Un’altra sopravvissuta di SPACE, Tanja Rahm, che è stata escort in Danimarca, racconta una storia analoga di abusi e ogni genere di violenza da parte dei clienti che: “Si sentono legittimati a disprezzare e umiliare le donne che hanno pagato per soddisfare i loro bisogni sessuali. In diversi modi, fanno violenza fisicamente, psicologicamente, sessualmente, economicamente, materialmente”. Tanja racconta di aver sviluppato depressione e dipendenza da cocaina per sopportare gli abusi; nonostante Tanja si presentasse come escort libera e indipendente in realtà era arrivata alla prostituzione da un passato di abusi sessuali subiti quando era una bambina. Perché il mercato del sesso trova in persone abusate le prede perfette da reclutare e sfruttare facendole passare per “libere” ed “autodeterminate”.
In realtà, se qualcosa è cambiato in questi anni che ci dividono dalla legge Merlin sono le tecniche delle mafie globalizzate della tratta di esseri umani, sempre più sofisticate, che oggi adoperano più la persuasione e il ricatto psicologico che la violenza bruta per reclutare e dominare le giovani vittime. E che sono oggi in grado – come ci conferma la grande giornalista di inchiesta Lydia Cacho – di cavalcare persino l’onda del dibattito liberale sulla “libertà di scelta” e sponsorizzare tra le giovani e nella società la normalizzazione e glamourizzazione della prostituzione e l’ipersessualizzazione precoce di bambine e ragazze.[3] Chiunque si occupi di tratta sa bene quanto le donne e ragazze siano spaventate e che, se interrogate, giurano di aver scelto la prostituzione liberamente, ma in realtà sono private dei documenti e di ogni possibilità diversa di sopravvivenza per loro stesse e le loro famiglie e sotto minaccia. Vogliamo davvero che anche i loro sfruttatori siano depenalizzati? Vogliamo che lo stato protegga invece di colpire le reti criminali mentre migliaia di donne continuano a morire o a soffrire dei danni a lungo termine della prostituzione (depressione fino al suicidio, dipendenza da droghe e alcool, sindrome da stress post-traumatico cronica, ecc.)?

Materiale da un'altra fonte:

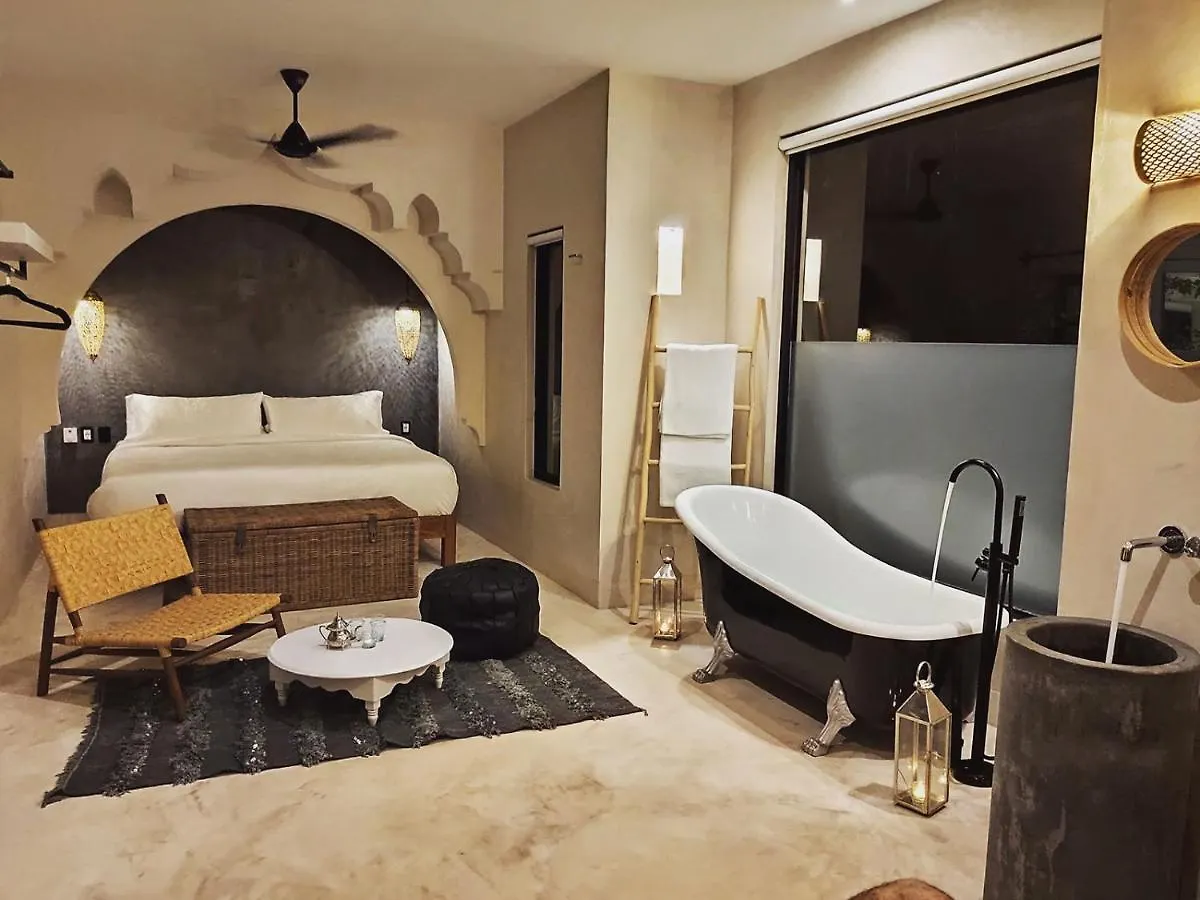 Moroccan Vacation Home For 16 Guests! Tulum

I disastri della regolamentazione sono noti a seguito di studi di accademici, psicologi/ghe esperti/e del trauma, NGOs nazionali ed internazionali impegnate contro la tratta e testimonianze di sopravvissute all’industria del sesso. Alcuni importanti studi hanno messo in evidenza come la tratta aumenti in caso di regolamentazione, mentre in Svezia dove dal 1999 è stato adottato il cosiddetto modello nordico (nel quale viene colpita la domanda di sesso a pagamento, ma non le donne prostituite) la tratta e la prostituzione in generale hanno subito una contrazione.[4]
Nei paesi regolamentaristi, come spiega il criminologo esperto di prostituzione Roger Matthews dell’Università del Kent, che ha studiato a lungo i vari modelli legislativi, il primo effetto dell’eliminazione del reato di favoreggiamento è un’espansione massiccia del mercato che sfugge a qualsiasi controllo da parte della polizia in quanto qualsiasi sfruttatore o trafficante può aprire un bordello senza commettere alcun reato. La tratta diventa così invisibile. Questa espansione riguarda non solo il settore legale ma anche e sopratutto quello illegale in quanto molte ragazze e donne scelgono il settore illegale per sfuggire alle registrazioni e ai controlli che esistono nel regime regolamentato. Questo significa nelle parole di Rogers che la criminalità internazionale si sposterà nei paesi dove può agire incontrastata. La Svezia è diventata un paese da boicottare come dimostrano intercettazioni di trafficanti effettuate dalla polizia svedese.[5] Uno studio di Melissa Farley dove sono state intervistate 45 donne che lavoravano nei bordelli legali del Nevada ha messo in evidenza come queste donne si sentissero ancora più esposte alla violenza, hanno definito la prostituzione in regime regolamentato “stupro legale” e hanno sottolineato come nessuna legge possa mai eliminare lo stigma dalle donne prostituite.[6] Allo stesso modo in Nuova Zelanda la commissione istituita dal Governo per controllare gli effetti della legge sulla prostituzione, la Prostitution Reform Act, ha rivelato come la maggioranza delle donne prostituite intervistate affermassero che la depenalizzazione totale dell’industria (eliminazione del reato di favoreggiamento) non aveva portato ad una diminuzione della violenza che erano costrette a subire e che lo stigma nei loro confronti era rimasto immutato. Inoltre nei bordelli nonostante la nuova legge si continuava a sfruttare le donne prostituite con la garanzia dell’impunibilità.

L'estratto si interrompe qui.